Your instructions: When you reach the line containing "Luxury 2 BR" in the entries below, start writing out each line exactly, and stop after the line containing "Trois broches et".

Data provided:
--- START ---

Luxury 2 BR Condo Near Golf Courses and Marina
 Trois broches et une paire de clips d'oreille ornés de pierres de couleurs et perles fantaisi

--- END ---
--- START ---

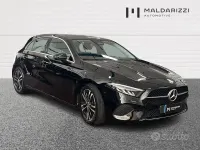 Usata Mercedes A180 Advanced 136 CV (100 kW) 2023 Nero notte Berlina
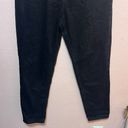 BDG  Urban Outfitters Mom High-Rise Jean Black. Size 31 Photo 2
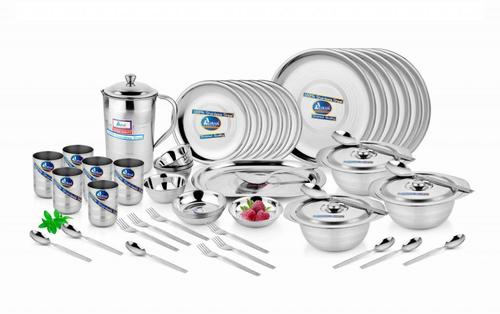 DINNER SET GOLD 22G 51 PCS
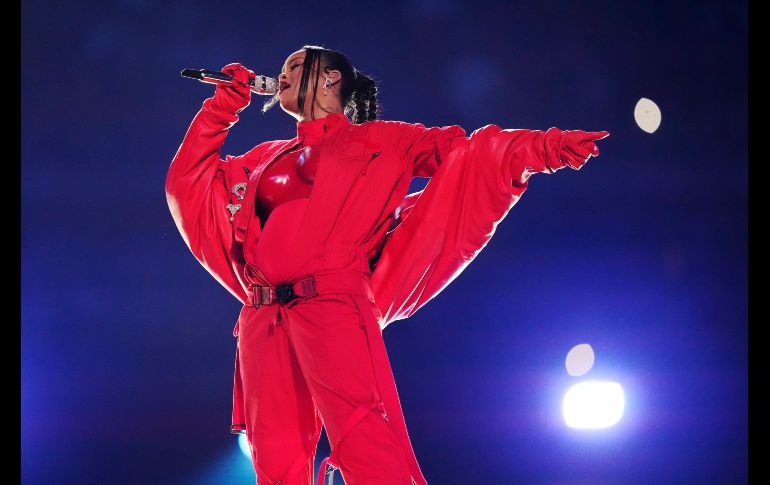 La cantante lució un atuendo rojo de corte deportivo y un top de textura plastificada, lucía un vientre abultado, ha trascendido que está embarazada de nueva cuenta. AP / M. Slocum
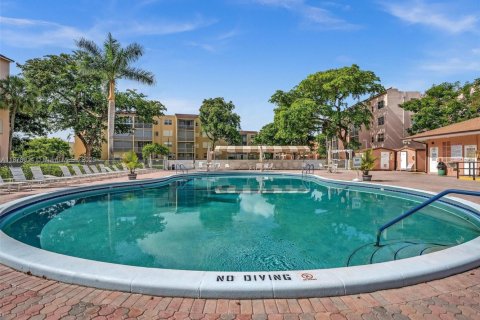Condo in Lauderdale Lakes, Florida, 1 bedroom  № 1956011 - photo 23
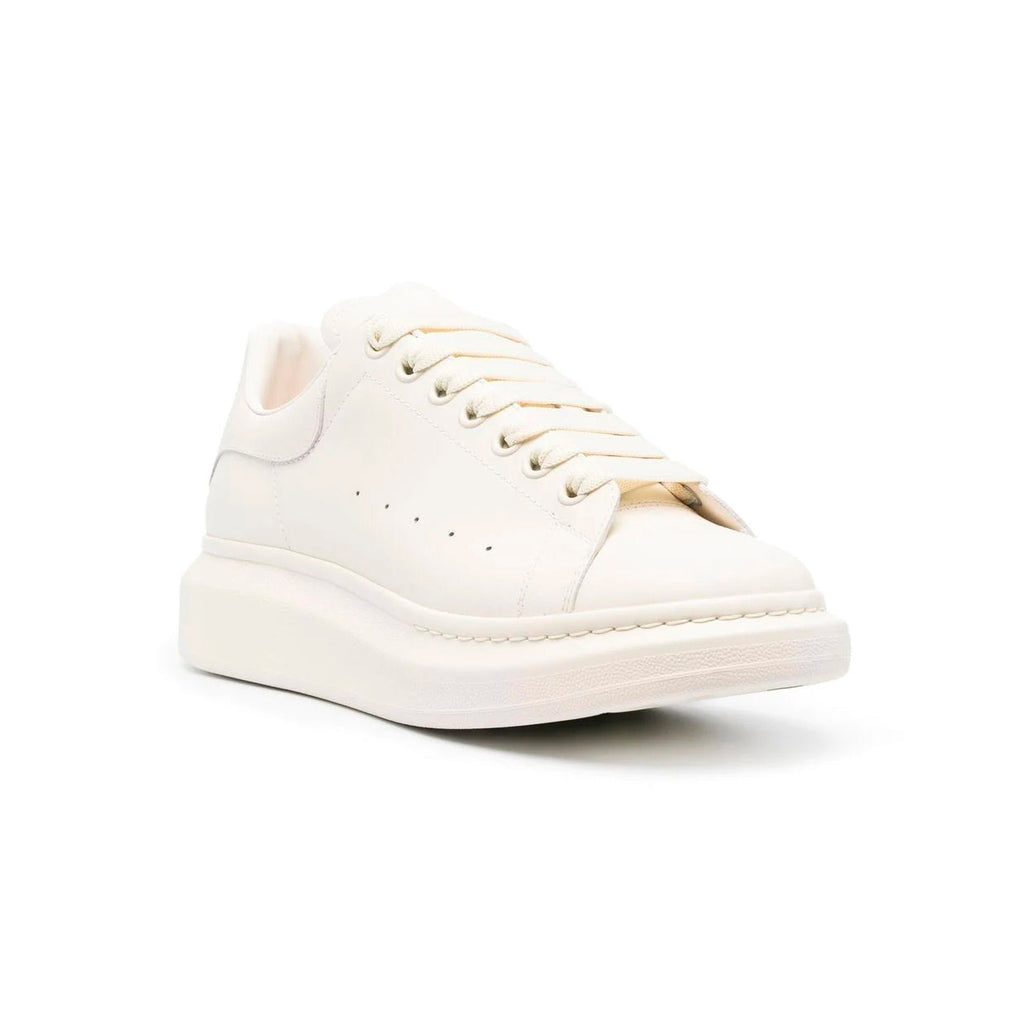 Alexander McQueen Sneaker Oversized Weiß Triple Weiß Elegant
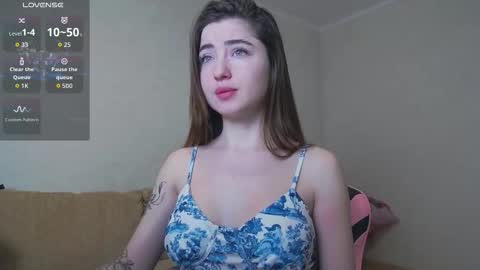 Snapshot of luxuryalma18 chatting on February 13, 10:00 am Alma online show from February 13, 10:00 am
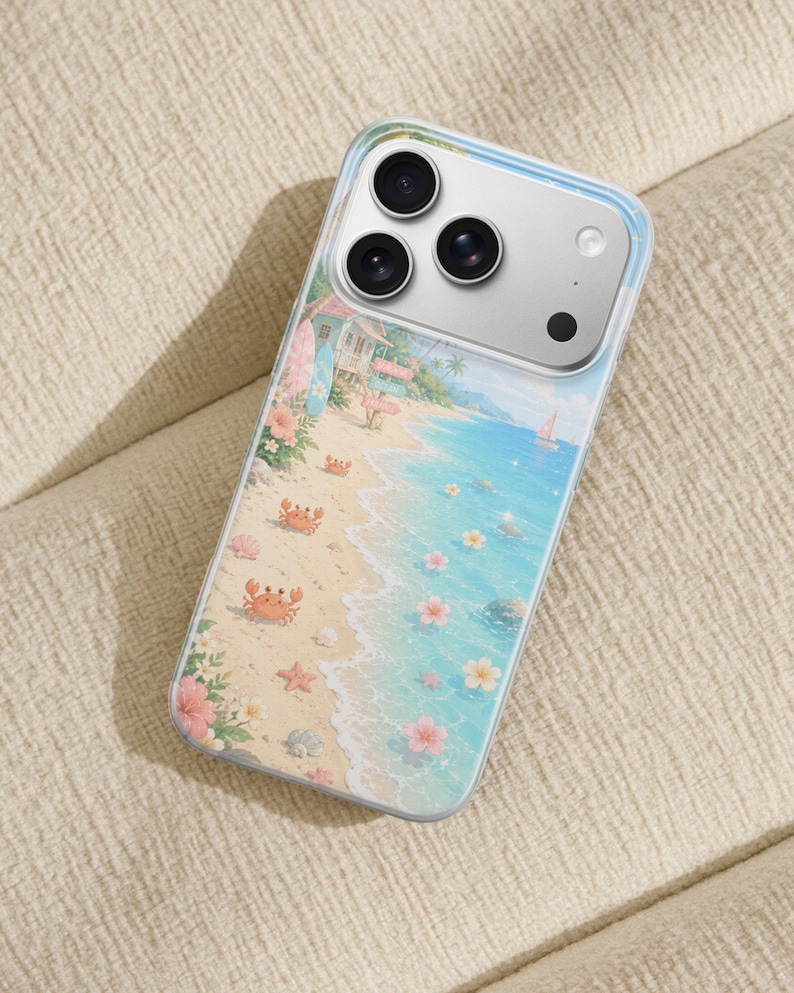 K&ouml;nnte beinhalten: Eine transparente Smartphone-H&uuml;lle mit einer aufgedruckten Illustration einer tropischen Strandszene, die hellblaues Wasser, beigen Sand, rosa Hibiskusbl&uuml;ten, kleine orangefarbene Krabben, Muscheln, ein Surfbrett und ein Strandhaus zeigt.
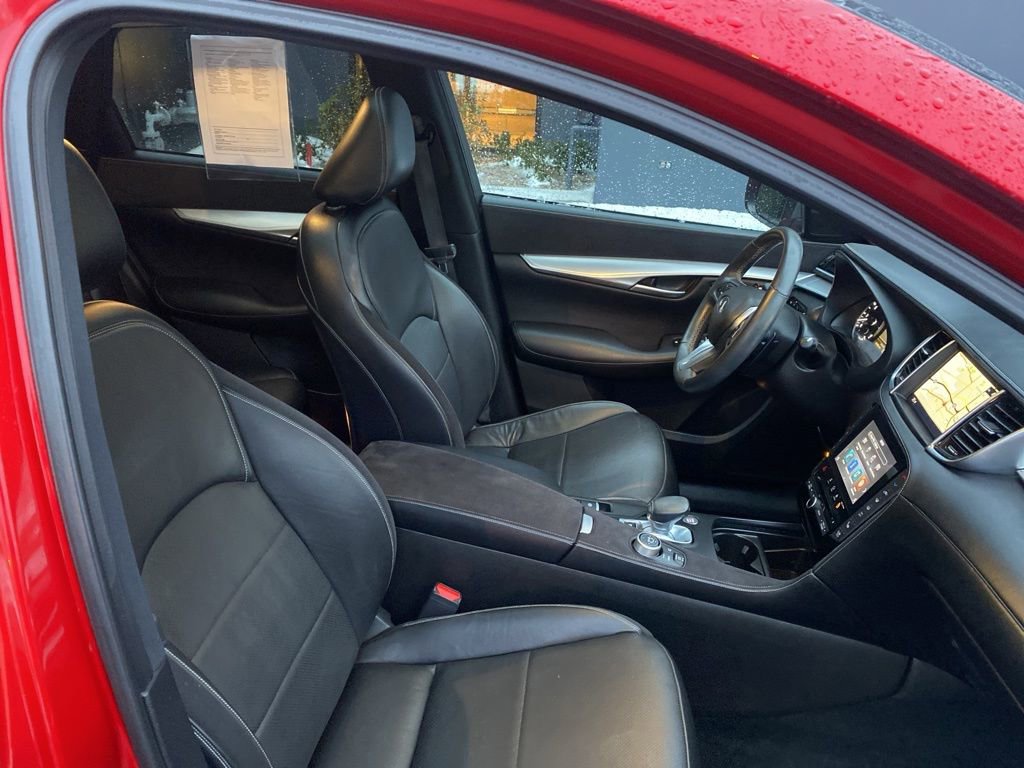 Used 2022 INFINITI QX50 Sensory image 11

--- END ---
--- START ---

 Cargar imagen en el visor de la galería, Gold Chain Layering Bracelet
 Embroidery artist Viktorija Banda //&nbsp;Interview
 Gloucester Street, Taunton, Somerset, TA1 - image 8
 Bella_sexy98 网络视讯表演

--- END ---

Expected answer:
Luxury 2 BR Condo Near Golf Courses and Marina
 Trois broches et une paire de clips d'oreille ornés de pierres de couleurs et perles fantaisi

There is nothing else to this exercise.